Connections to Penn State weren't enough to keep prospective jurors from being chosen to decide Jerry Sandusky's fate on child sexual abuse charges.
The start of jury selection Tuesday showed the strength of Sandusky's and Penn State's links to their community -- but the presiding judge indicated that those connections weren't necessarily enough to keep them from being one of the 12 jurors or four alternates.
Nine jurors were selected Tuesday – including a longtime Penn State football season ticketholder. Cleland told the more than 220 potential jurors he would not sequester them, meaning they can spend nights at home during the trial that is expected to last several weeks.

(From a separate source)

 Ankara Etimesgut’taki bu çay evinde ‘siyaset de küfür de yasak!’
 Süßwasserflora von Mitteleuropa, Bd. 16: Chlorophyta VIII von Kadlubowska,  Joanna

The 68-year-old Sandusky faces 52 criminal counts and potential penalties that could result in an effective life prison sentence for alleged abuse involving 10 boys. He has denied the allegations. Testimony is tentatively set to begin on Monday.
Sue Paterno and Son Jay May Testify in Jerry Sandusky Case
Prospective jurors in Jerry Sandusky's case were told on the first day of jury selection Tuesday that the wife and son of the late football coach Joe Paterno were among the potential defense witnesses in the child sex-abuse trial.
The names of Sue and Jay Paterno and members of Sandusky's family were on a list shown to the prospective jurors, along with assistant coach Mike McQueary and his father, John McQueary. Mike McQueary has said that he saw Sandusky naked in a team shower with a young boy more than a decade ago – and reported it to Joe Paterno.
Mike McQueary is also on the prosecution's list, along with young men who have accused Sandusky of abusing them. Former Penn State President Graham Spanier; former Second Mile CEO Jack Raykovitz and interim CEO Dave Woodle are also potential witnesses.
PSU: No Early Peek at Scandal Report for Trustees
Former FBI chief Louis Freeh's report on his investigation into the child sexual abuse scandal at Penn State will be made public at the same time it is given to trustees and university officials.
The university made the statement online Monday on its updated "progress" website on a "frequently asked questions" page. Freeh's investigation was commissioned by trustees.
In the past, a handful of board members had said that trustees might get an early look at the report. The independence of Freeh and his investigators have been called into question by some vocal alumni critical of the board's ouster of Hall of Fame football coach Joe Paterno in the aftermath of retired defensive coordinator Jerry Sandusky's arrest in November on dozens of counts of abuse.
School officials say they hope the outcome of the Sandusky trial and the upcoming Freeh report would start to bring closure to the university community.